# Mach3 Restore



## Blackhawk (Apr 22, 2015)

lightening hit my house a bit ago and fried a bunch of stuff, including the computer. Luckily my hard drive made it but would not work in new computer. I got all the xml files put in folder on new machine, just wondering how to get the machine how to recognize my old settings


----------



## Baithog (Apr 22, 2015)

This works on my machine. Copy the old configuration files to the new Mach3 directory. The Mach3 directory is usually C:\Mach3 . The configuration files are 'title'.xml . The title is what you called the machine when you created the configuration file. One of mine is bamboo.xml and another mill-a.xml. 
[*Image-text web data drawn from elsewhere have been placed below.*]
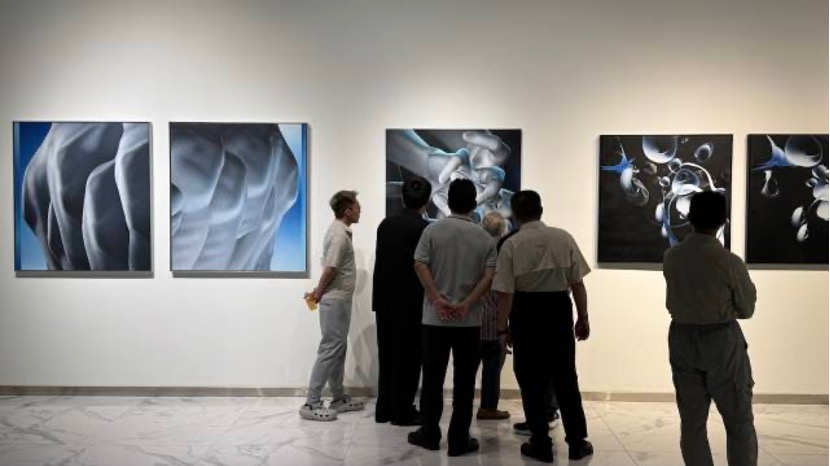 “步行者的叙述——当代艺术邀请展”在宝安1990美术馆开展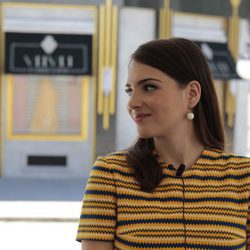 Andrea Duro, de perfil en 'Velvet colección'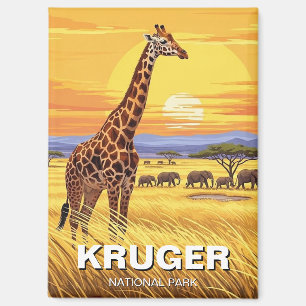 Kruger National Park South Africa Magnet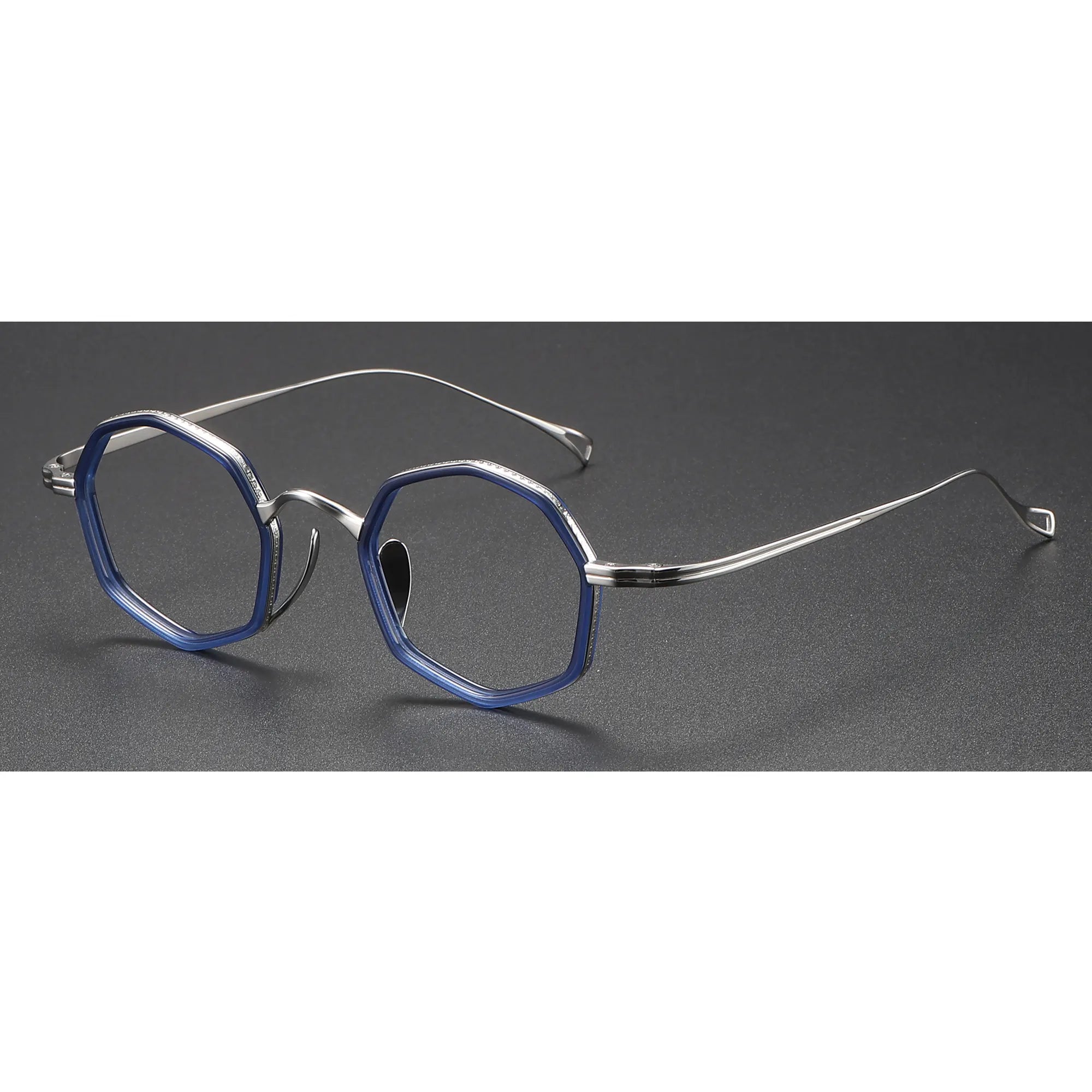 Geometric Glasses LE1060 detail image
There should be an icon on the desktop called Mach3 Loader. Start that program. It should pick up the old xml files and allow you to start them. The xml file contains all the pin information, motor setup, and such, so you should be able to run the machine


----------



## countryguy (Apr 22, 2015)

I just install the original version  ( to get the parallel port driver ) and then simply dump the entire mach3 folder from my backup directly over the existing fresh install.    Worked Every time this far.  For both my plasma and hobby mill installs.    Of course I am just being a bit lazy there.   The XML setups are the proper way I suppose


----------



## Blackhawk (Apr 23, 2015)

Works perfect, saved a lot of time retuning. Thanks


----------